→ **Task objective**: No pictures should appear in the copy. Reproduce exactly the lines from the one containing "Notes on Rabbit Internal Medicine" through the end of the material below.

→ **Available data**:
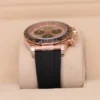 Superclone Rolex Daytona Sundust Dial in Everose Gold 126515LN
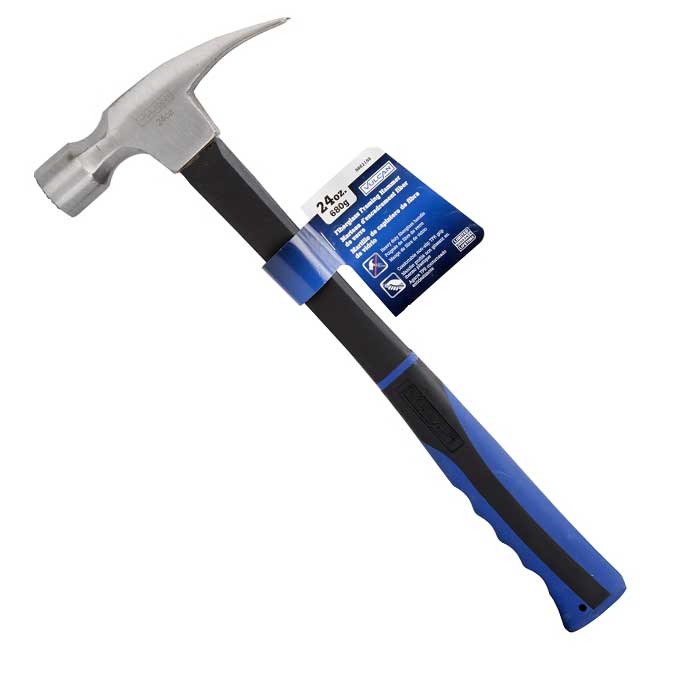 Hammer Vulcan 24 oz Rip Framing FBRGLS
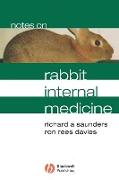 Notes on Rabbit Internal Medicine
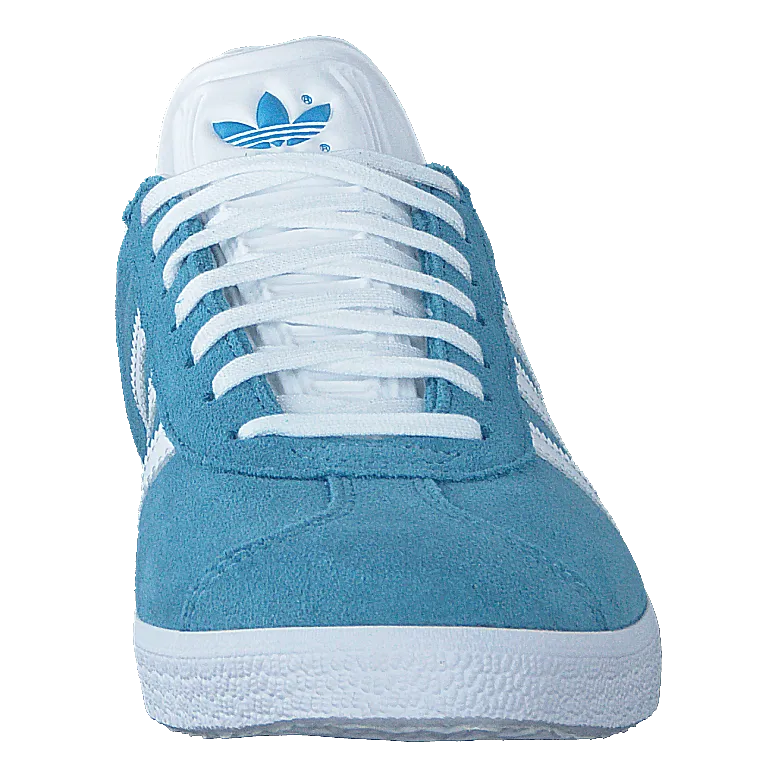 Gazelle W Hazy Blue / Cloud White / Cloud White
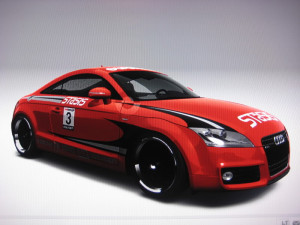 Thread: forza 3 2007 Audi TT StaSIS Eurotuner GP. car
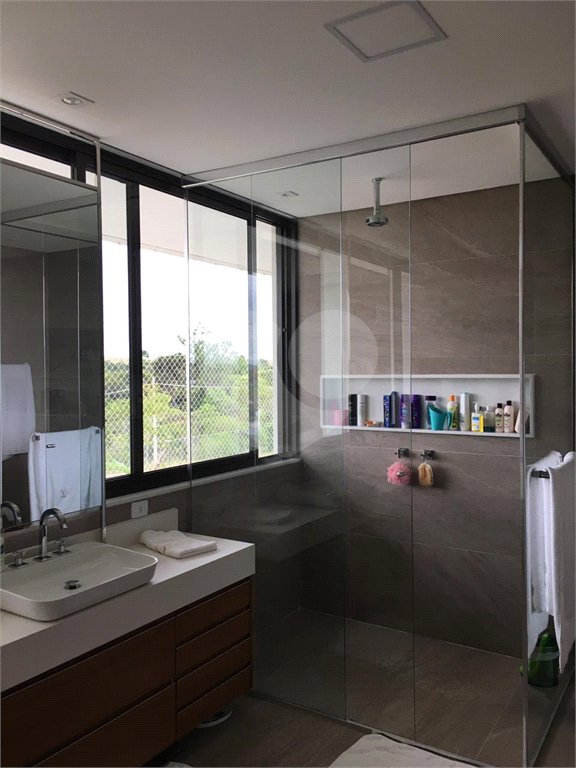 Casa à venda com 4 suítes no condomínio Alphaville Nova Esplanada 3, Votorantim - SP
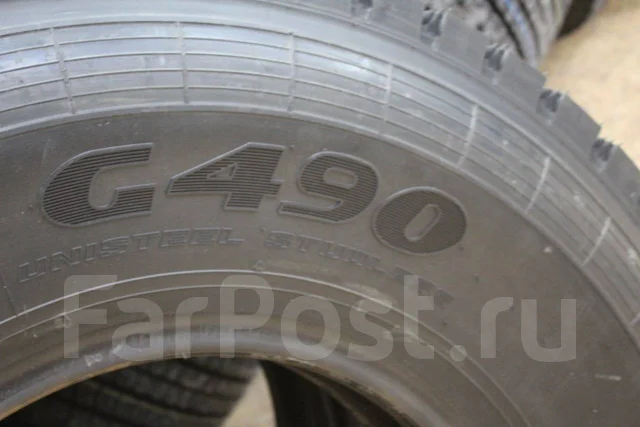 Goodyear Unisteel G490. ������, ��� �����, 2016 ���, ����� ����
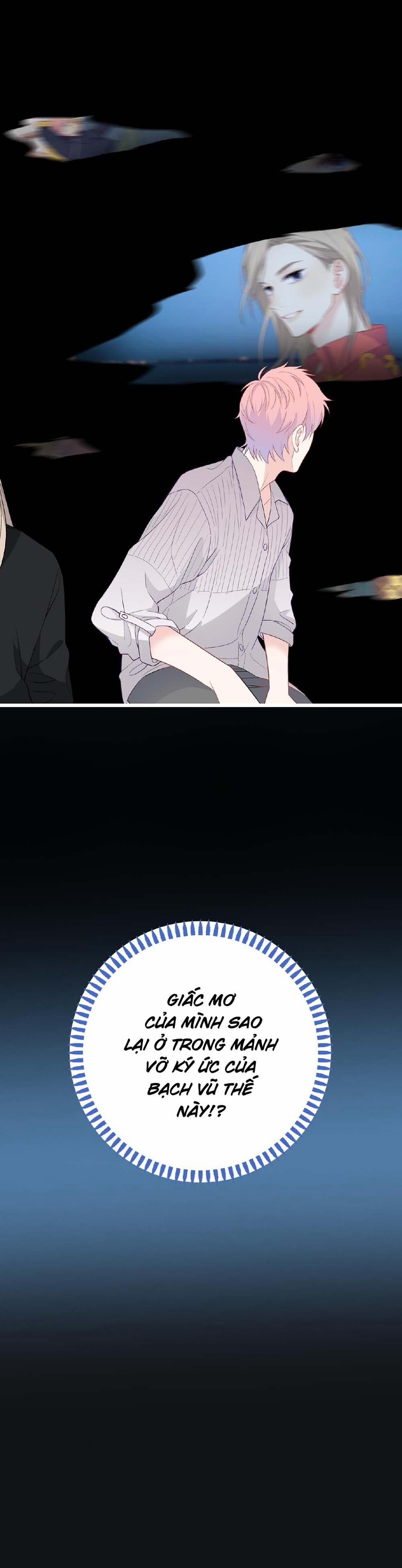 Nghe Thấy Tiếng Ngân Hà Rơi 12 trang 24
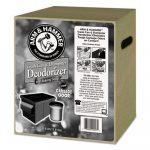 Trash Can & Dumpster Deodorizer with Baking Soda, Unscented, Powder, 30 lb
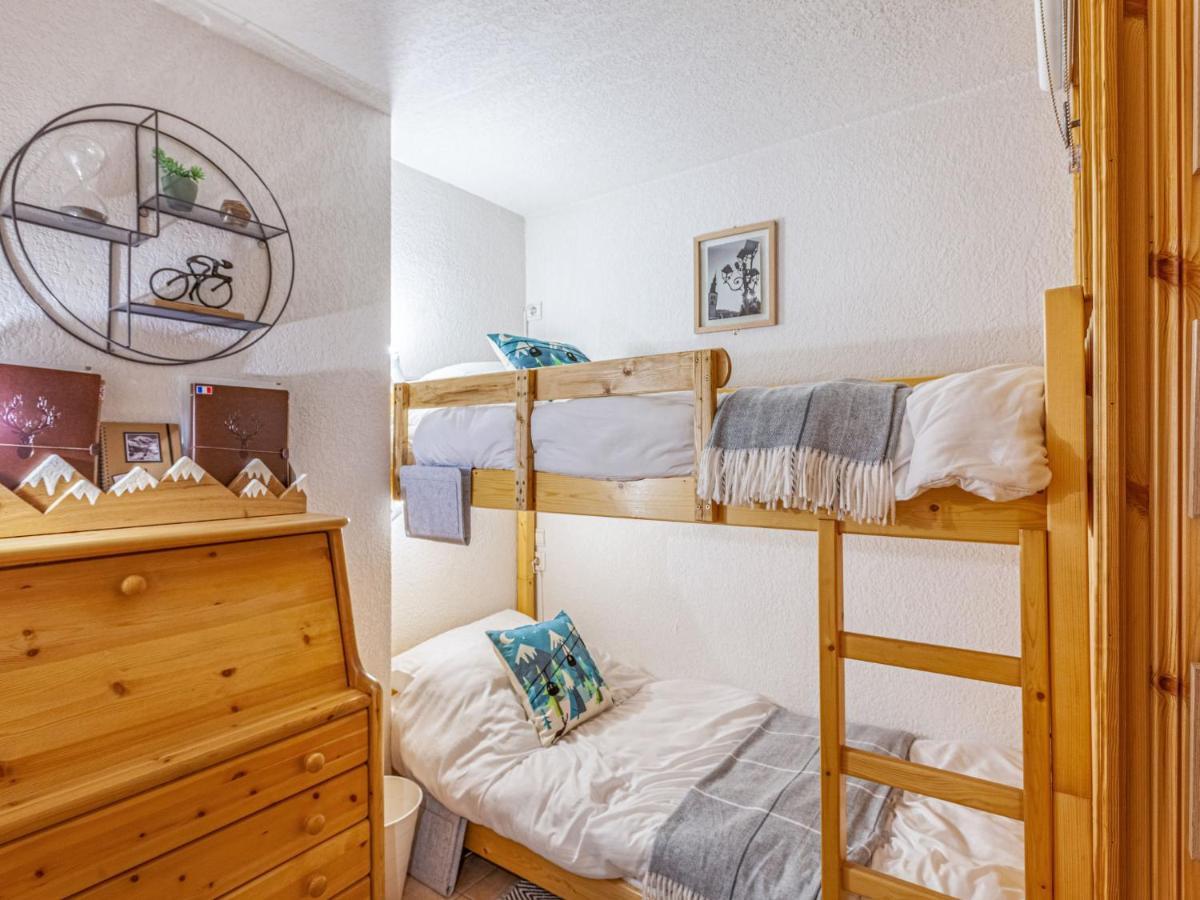 Apartment Les Huskies By Interhome Saint-Gervais-les-Bains Esterno foto
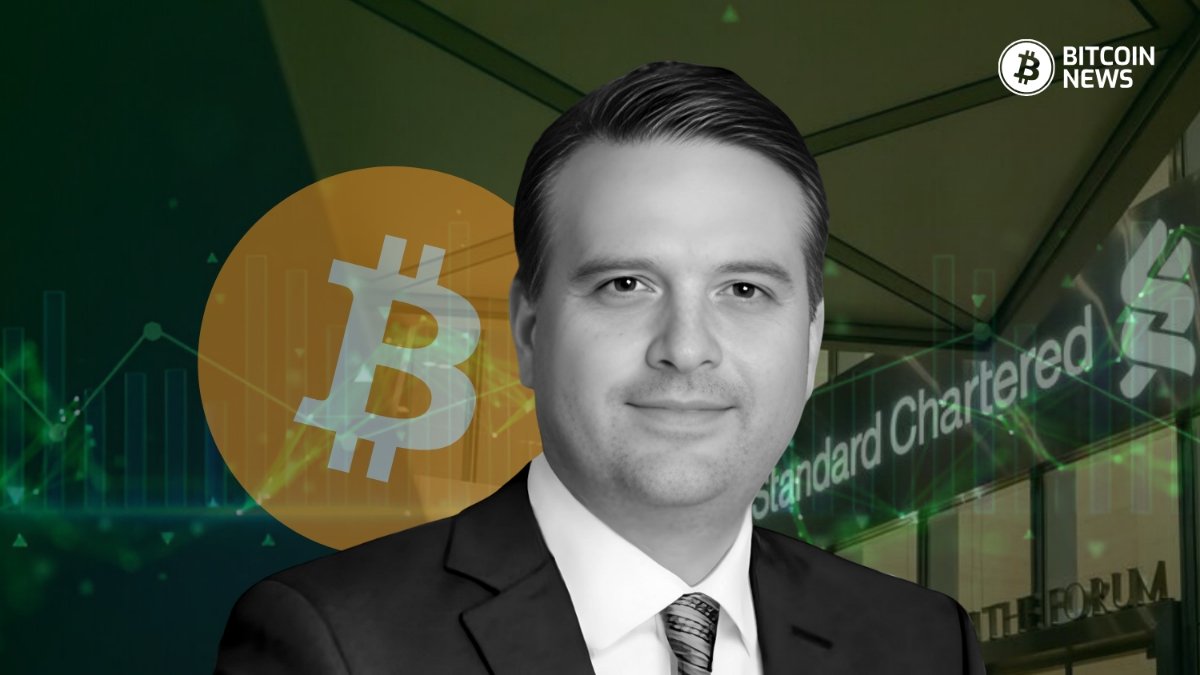 Standard Chartered | Spot Bitcoin Trading for Institutions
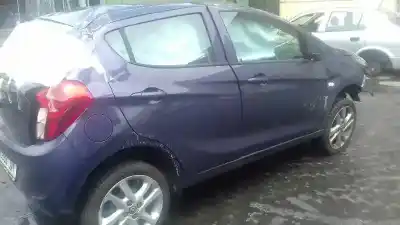 Scrapping Vehicle opel karl selective of the year 2017 powered b10xe opt l5q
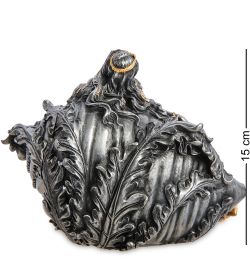 Veronese WS- 46 Шкатулка «Ракушка с Русалкой»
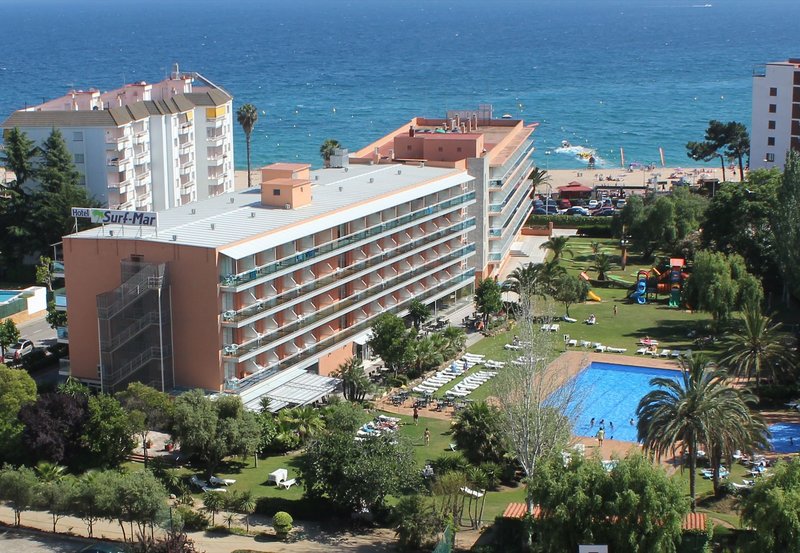Hotel Surf Mar 8
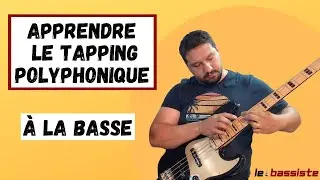 Maitriser le tapping polyphonique à la basse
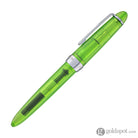 Monteverde Monza ID Fountain Pen in Green - Flex Nib
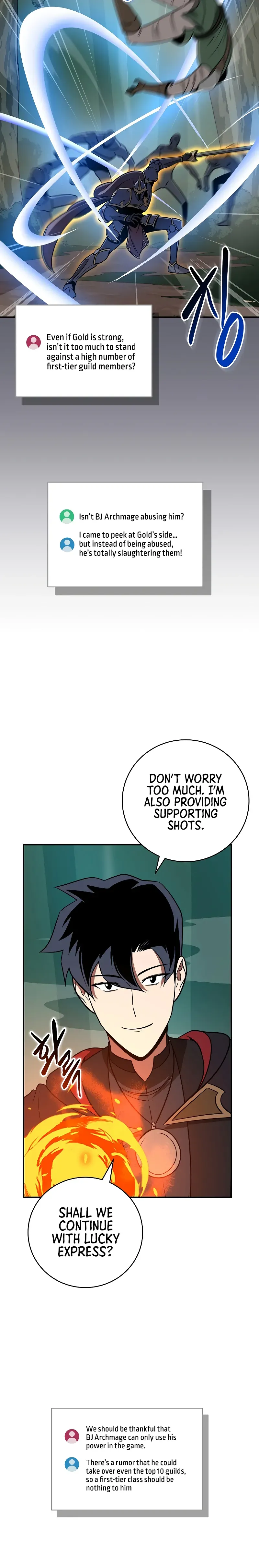 Archmage Streamer Chapter 80 page 8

→ **Solution to the exercise**:
 Notes on Rabbit Internal Medicine
 Gazelle W Hazy Blue / Cloud White / Cloud White
 Thread: forza 3 2007 Audi TT StaSIS Eurotuner GP. car
 Casa à venda com 4 suítes no condomínio Alphaville Nova Esplanada 3, Votorantim - SP
 Goodyear Unisteel G490. ������, ��� �����, 2016 ���, ����� ����
 Nghe Thấy Tiếng Ngân Hà Rơi 12 trang 24
 Trash Can & Dumpster Deodorizer with Baking Soda, Unscented, Powder, 30 lb
 Apartment Les Huskies By Interhome Saint-Gervais-les-Bains Esterno foto
 Standard Chartered | Spot Bitcoin Trading for Institutions
 Scrapping Vehicle opel karl selective of the year 2017 powered b10xe opt l5q
 Veronese WS- 46 Шкатулка «Ракушка с Русалкой»
Hotel Surf Mar 8
 Maitriser le tapping polyphonique à la basse
 Monteverde Monza ID Fountain Pen in Green - Flex Nib
 Archmage Streamer Chapter 80 page 8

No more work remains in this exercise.